● Data
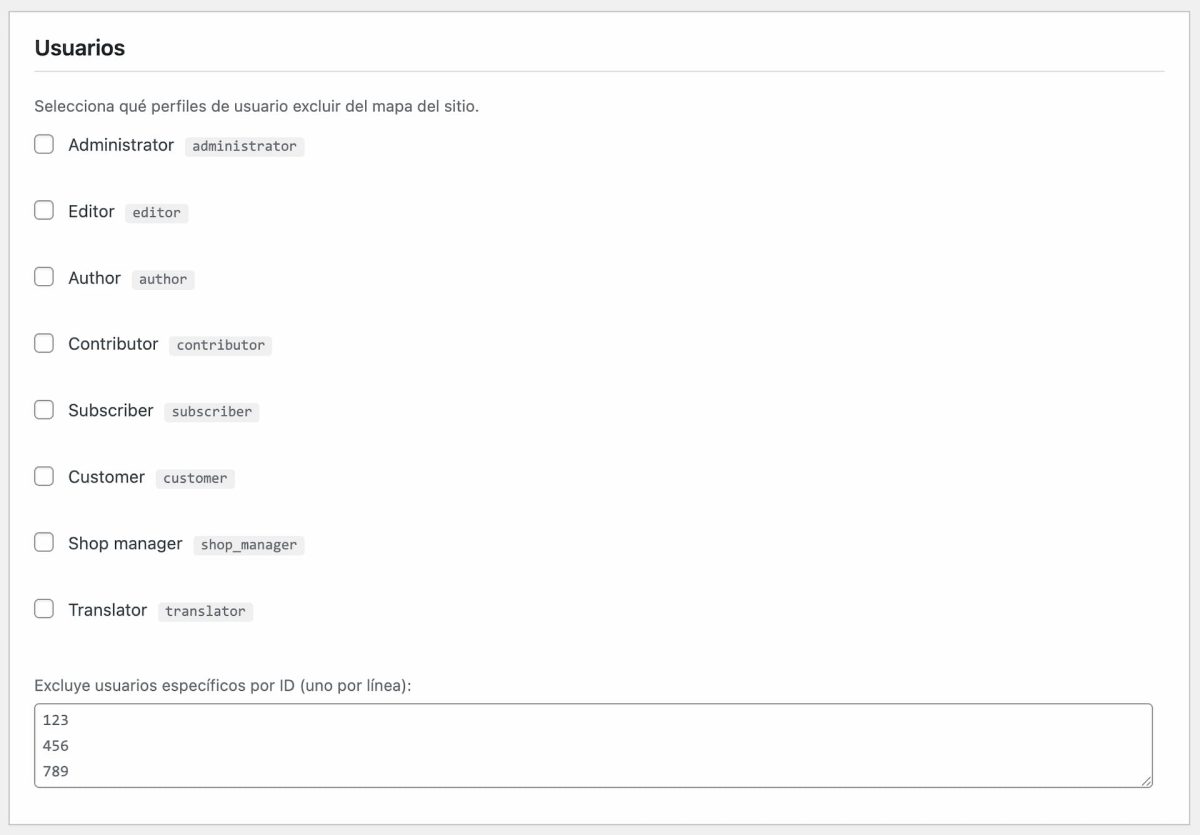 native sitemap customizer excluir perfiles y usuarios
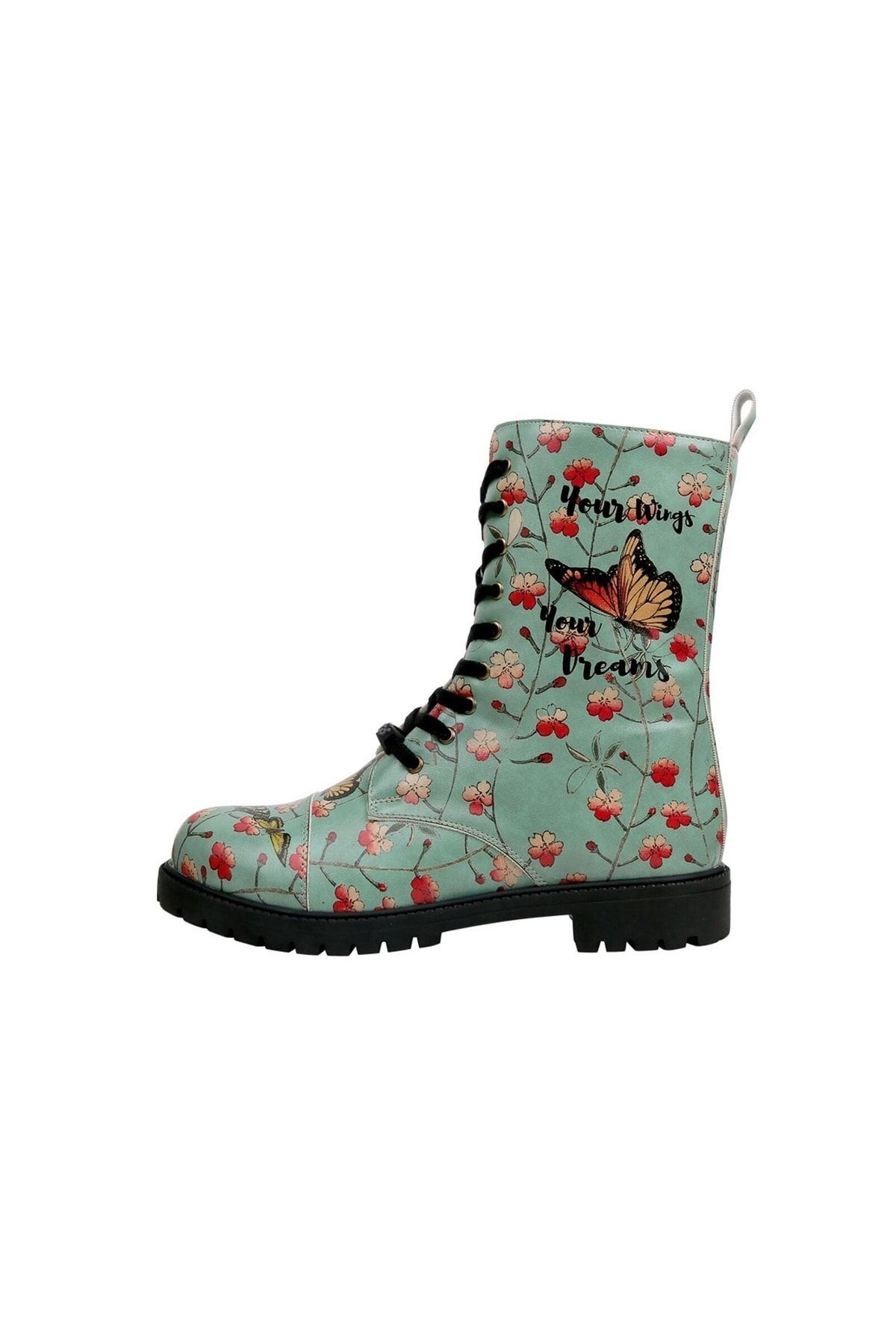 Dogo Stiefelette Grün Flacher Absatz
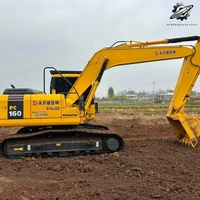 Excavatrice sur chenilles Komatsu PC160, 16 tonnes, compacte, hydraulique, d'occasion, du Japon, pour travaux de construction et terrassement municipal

● Work to be completed
Everything in the listing above is to be given again exactly, apart from the pictures.

● Result
 native sitemap customizer excluir perfiles y usuarios
 Dogo Stiefelette Grün Flacher Absatz
 Excavatrice sur chenilles Komatsu PC160, 16 tonnes, compacte, hydraulique, d'occasion, du Japon, pour travaux de construction et terrassement municipal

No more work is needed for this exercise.